The field in which Ibn Yunus excelled was in preparing astronomical tables. His al-Zij al-Hakimi al-kabir is aptly named (al-kabir means 'large'). This zij, or astronomical handbook with tables, was dedicated to his patron the Caliph al-Hakim. The Hakimi Zij is unusual in that it records a large number of observations, both Ibn Yunus' own and those of previous observers. This large Zij covers most areas of interest to the medieval Islamic astronomer, starting with a chapter on the Muslim, Coptic and Syrian calendars, with detailed instructions for converting a date from one to any of the others, together with tables for determining the dates of Lent and Easter in both the Syrian and Coptic calendars.

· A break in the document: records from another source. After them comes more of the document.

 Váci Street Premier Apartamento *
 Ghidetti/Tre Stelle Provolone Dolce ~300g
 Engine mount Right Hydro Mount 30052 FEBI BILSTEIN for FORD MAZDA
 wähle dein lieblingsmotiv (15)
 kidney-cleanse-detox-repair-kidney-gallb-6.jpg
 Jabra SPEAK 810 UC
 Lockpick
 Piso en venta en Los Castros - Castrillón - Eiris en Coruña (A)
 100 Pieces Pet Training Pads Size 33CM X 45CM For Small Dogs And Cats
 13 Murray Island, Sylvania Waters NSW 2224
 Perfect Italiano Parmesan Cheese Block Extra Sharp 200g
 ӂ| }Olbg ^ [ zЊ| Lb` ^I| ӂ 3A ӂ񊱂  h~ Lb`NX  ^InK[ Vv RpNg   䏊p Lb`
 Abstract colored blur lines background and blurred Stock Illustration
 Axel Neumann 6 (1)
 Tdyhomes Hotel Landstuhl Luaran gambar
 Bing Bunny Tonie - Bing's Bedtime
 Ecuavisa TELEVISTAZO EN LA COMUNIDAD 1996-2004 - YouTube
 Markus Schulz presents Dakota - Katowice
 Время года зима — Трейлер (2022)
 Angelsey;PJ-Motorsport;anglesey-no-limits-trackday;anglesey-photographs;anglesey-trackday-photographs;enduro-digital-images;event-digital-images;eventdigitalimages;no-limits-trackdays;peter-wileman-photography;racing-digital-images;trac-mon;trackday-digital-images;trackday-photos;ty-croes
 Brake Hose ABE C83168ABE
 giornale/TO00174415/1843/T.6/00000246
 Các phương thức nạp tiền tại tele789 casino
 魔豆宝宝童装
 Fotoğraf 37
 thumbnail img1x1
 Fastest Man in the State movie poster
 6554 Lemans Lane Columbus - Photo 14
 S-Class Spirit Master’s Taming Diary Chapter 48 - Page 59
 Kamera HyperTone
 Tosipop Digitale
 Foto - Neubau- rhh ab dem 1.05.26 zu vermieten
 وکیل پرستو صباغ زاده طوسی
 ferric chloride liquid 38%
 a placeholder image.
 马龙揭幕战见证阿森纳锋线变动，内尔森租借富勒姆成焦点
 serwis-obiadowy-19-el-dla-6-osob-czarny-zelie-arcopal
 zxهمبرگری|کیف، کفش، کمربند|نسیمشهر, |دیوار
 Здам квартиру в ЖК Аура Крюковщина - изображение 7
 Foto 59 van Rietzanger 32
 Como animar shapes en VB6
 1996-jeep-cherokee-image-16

The following eighty chapters include sophisticated sections on spherical astronomy and sundial theory; tables and instructions relating to the determination of solar, lunar and planetary longitudes and latitudes; discussions on solar and lunar distances; and elegant solutions to many problems, such as finding the meridian, as well as, of course, methods for the determination of the qibla (the direction of Mecca)Ibn Yunus' second major work was part of the corpus of spherical astronomical tables for time keeping used in Cairo until the nineteenth century. It is not certain how many tables in this corpus, the Kitab ghayat al-intifa' ('Very Useful Tables') were actually computed by Ibn Yunus, but the tables are generally accurately computed and all based on parameters (the value of 30;0° for the latitude of Cairo and 23;35° for the obliquity of the ecliptic) calculated by Ibn Yunus.

Ibn Yunus' influence, in the form of his methodology and parameters, as well as actual observations, can be seen in many later Islamic tables, such as al-Tusi's Ilkhani zij 250 years later, where Ibn Yunus' values for the longitudes of the sun and moon are used.